Map prompts that reason across chunks — maps must be strictly local; cross-chunk inference belongs in reduce or a dedicated compare step.
Reduce hallucination on conflicts — when two chunks disagree, reduce must surface both quotes, not blend into a compromise number.
Overlapping chunks without dedupe — the same indemnity paragraph in two overlaps yields duplicate findings; dedupe on normalized clause ID.
Ignoring map failures — one timed-out chunk silently drops a section; retry maps and block reduce until coverage hits 100%.
Prose-only map outputs — unstructured summaries are expensive to merge; JSON schemas pay for themselves in reduce reliability.
Recursive reduce that drops citations — each tier must carry source_chunk_id forward or audit trails break.
Re-mapping on every question — cache maps at document revision; run different reduce prompts against the same partials.
Chunk boundaries through tables — split mid-row and maps invent cell values; use layout-aware ingestion.

Production checklist

Define whether the task is exhaustive (map all chunks) or selective (RAG + map on demand).
Chunk with heading boundaries, overlap, and page/section metadata.
Design map prompts with JSON schema outputs and temperature 0.
Size chunks so each map call uses <50% of the model’s reliable attention band.

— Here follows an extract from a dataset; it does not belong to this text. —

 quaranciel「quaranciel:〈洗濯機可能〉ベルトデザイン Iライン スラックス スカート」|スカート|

Parallelize maps with concurrency limits and per-chunk retry/backoff.
Cache map outputs keyed by document revision hash + chunk offset + prompt version.
Implement recursive reduce when combined map outputs exceed ~60% of context budget.

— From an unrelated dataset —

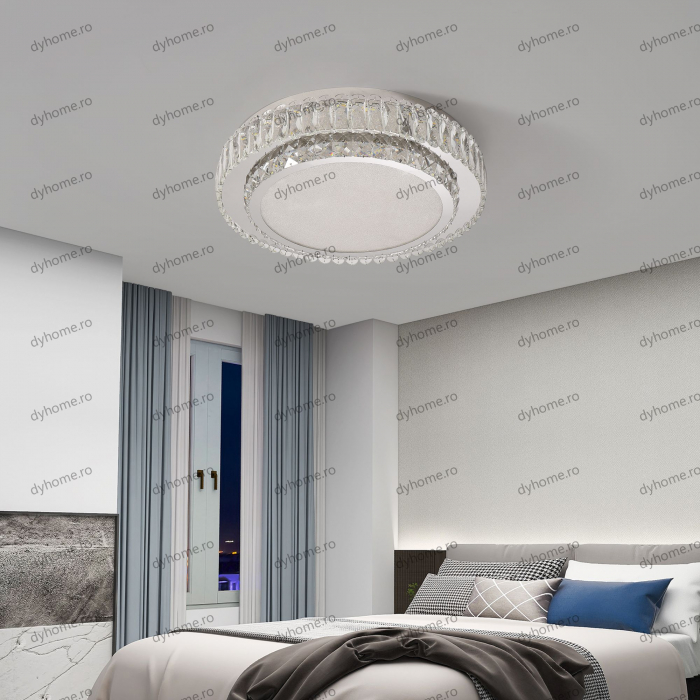 Lustra LED cristal circular design cu telecomanda, dimabila, 120W [1]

Dedupe and conflict-detect in reduce before presenting answers to users.
Attach source quotes and page anchors to every reduce finding.
Eval on a labeled set with tail-page and middle-page gold facts before production.

Key takeaways

Map-reduce lets LLMs process documents longer than a single reliable attention pass by extracting locally, then synthesizing globally.

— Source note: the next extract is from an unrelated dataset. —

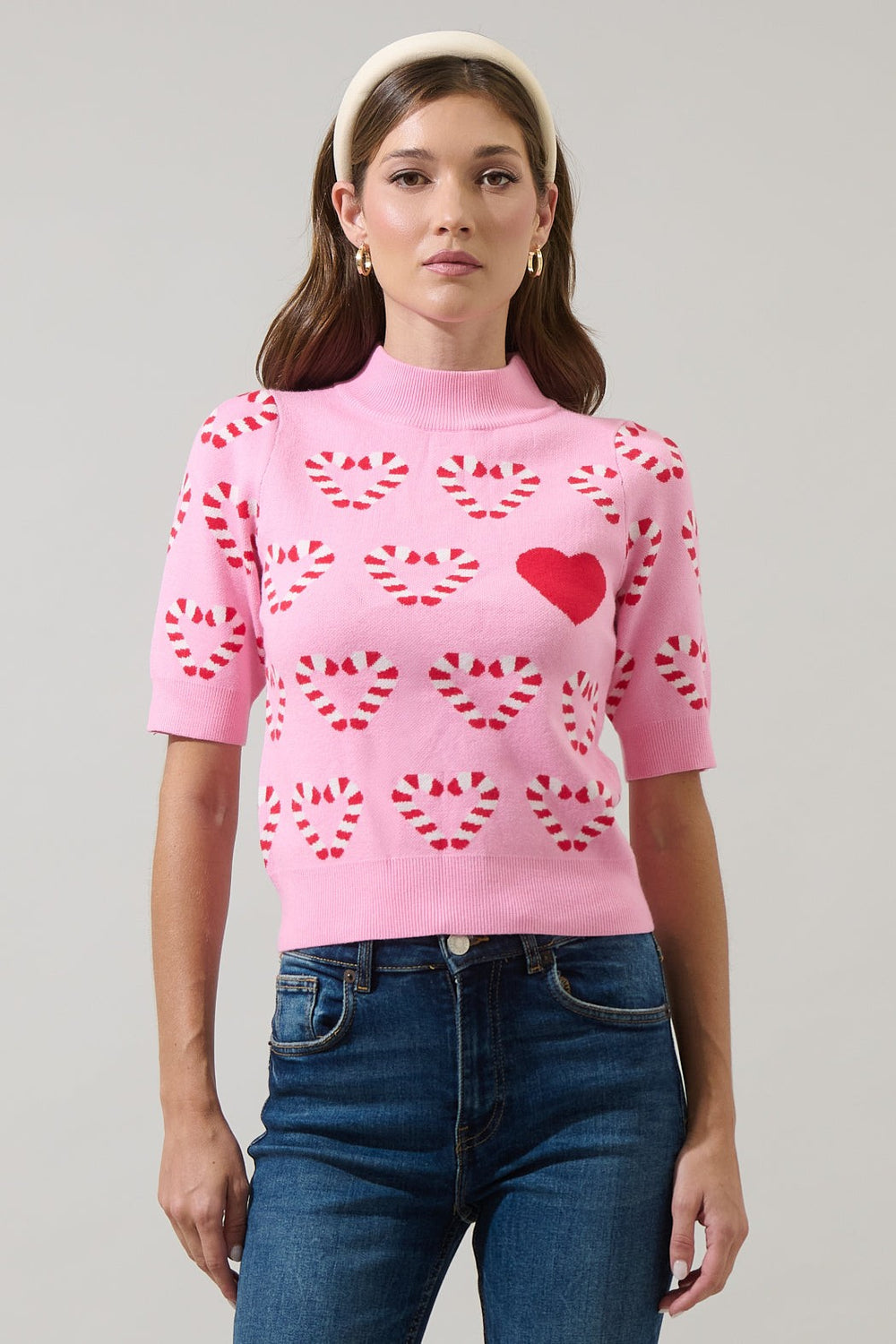 Candy Cane Hearts Sweater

Use structured extraction maps for diligence checklists; use dense summarization maps for narrative collapse.
Recursive tree reduce handles book-length corpora; cache map partials so reduce queries are cheap.
Map-reduce complements RAG: map for exhaustive coverage on fixed docs, RAG for open search across large libraries.
Harbor Legal lifted diligence recall from 68% to 91% on 400-page agreements with parallel checklist maps and cached incremental re-map.